What happens when India’s Largest E-commerce Platform goes public

Flipkart delivery box

Flipkart, the largest e-commerce platform in India is planning to public in a couple of years as reported by the Economic Times. CEO Kalyan Krishnamurthy announced the news recently. This marks a major shift in the e-commerce scenario of India. It will be interesting to the American retail giant, Walmart’s stance on the matter. According to the reports, Walmart might as well, partly or completely, withdraw from the Indian E-commerce giant while it goes public in the US. Currently, Flipkart’s 77% controlling stakes are owned by Walmart which was sold for a whopping $16 billion last year.

The Business Standard reported that the during the deal between Walmart and Flipkart, it was decided that the American retailer will support the ambition of the Indian giant to go public in the future if the group of minority shareholders ask for it. Flipkart would become a majority-owned publicly-invested subsidiary of Walmart. It should be noted that the acquisition of Flipkart was crucial for its growth in the global retail sector and also to beat the online retail behemoth Amazon in the e-commerce game.

According to the reports, the clause of the deal between Walmart and Flipkart mentions that Walmart has the right to invest around $3 billion more in Flipkart and that too at the same valuation. This implies that the shareholding of Walmart in Flipkart would cross 85% mark.

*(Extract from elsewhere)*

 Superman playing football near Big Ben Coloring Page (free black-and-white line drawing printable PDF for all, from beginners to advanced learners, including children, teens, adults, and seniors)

The impact of this situation would be the revoking of some of the major rights of the minority shareholders such as Tencent, Tiger Global, Microsoft, Binny Bansal and so on.

Interestingly, the company that is in line to invest a huge amount in Wlamart-owned Flipkart is Alphabet, the parent company of the internet behemoth Google. This is a strategic investment as it seems from the outset. The reasons behind the investments are:

  1. Flipkart will get the technology advantage over Amazon with Google’s help
  2. Google will get a strong hold on the global retail and e-commerce sector
  3. Google Pay and Flipkart’s PhonePe can work together to dig deeper in digital payments ecosystem
  4. Google’s hardware such as the popular Pixel series and its Home series of products will get a good platform especially in India to sell.

Digital Payments have seen a massive growth in India in the past 2 years especially after the demonetization move by the current government in 2016. This opens up a huge market for the technology companies across the world to try out the new business and taste success. Google have been quite successful in India with its Google Tez that later changed its name to Google Pay and is now available worldwide. However, Flipkart is also a huge player in the Indian market after the likes of Paytm and Indian Government’s very own BHIM app. So it is in Google’s interest to join hands with the Indian giant and grow above the competitors in India.

Flipkart’s IPO and that too in the US stock market can prove to be a huge boost to the Indian startup ecosystem as a whole. It will also act as an inspiration for the Indian tech based startups to perform well and go international in the near future.